REQUIREMENT:
Would you reproduce each of the records below precisely, with the pictures left out?

EXCERPTED RECORDS:
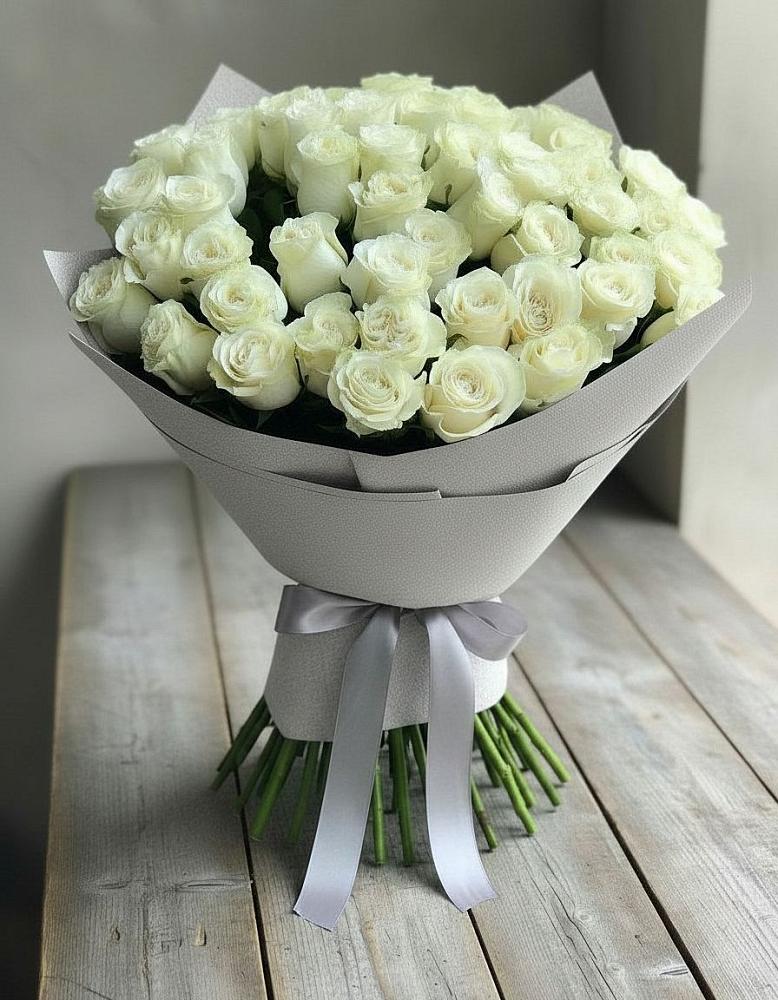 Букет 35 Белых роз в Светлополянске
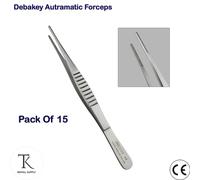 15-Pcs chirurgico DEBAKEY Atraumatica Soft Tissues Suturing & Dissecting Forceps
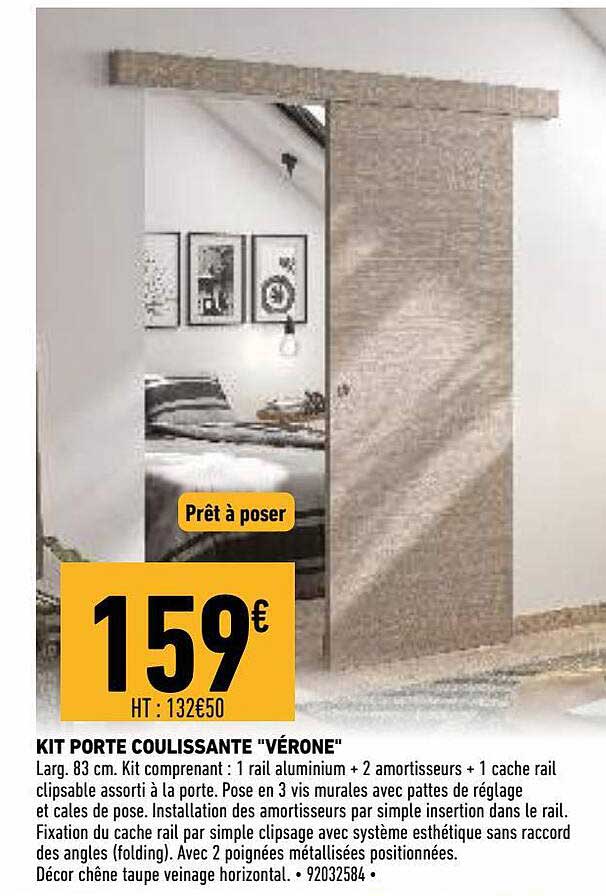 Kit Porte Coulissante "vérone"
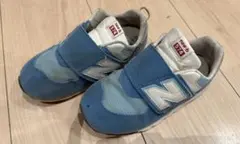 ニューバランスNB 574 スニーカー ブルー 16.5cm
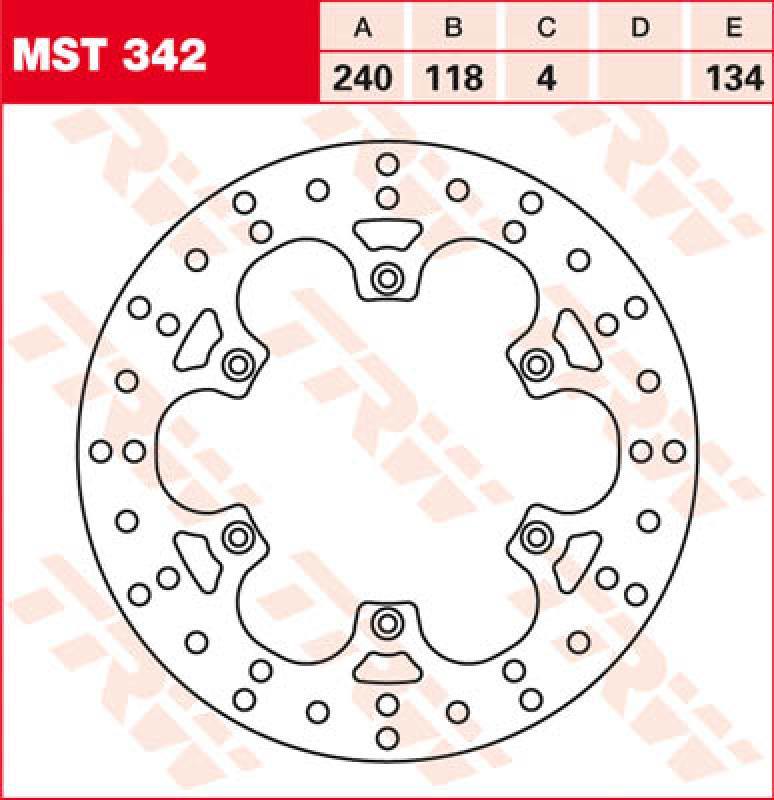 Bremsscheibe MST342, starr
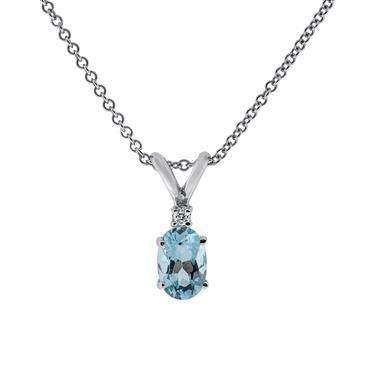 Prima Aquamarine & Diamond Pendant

YOUR SOLUTION:
 Букет 35 Белых роз в Светлополянске
 15-Pcs chirurgico DEBAKEY Atraumatica Soft Tissues Suturing & Dissecting Forceps
 Kit Porte Coulissante "vérone"
 ニューバランスNB 574 スニーカー ブルー 16.5cm
 Bremsscheibe MST342, starr
 Prima Aquamarine & Diamond Pendant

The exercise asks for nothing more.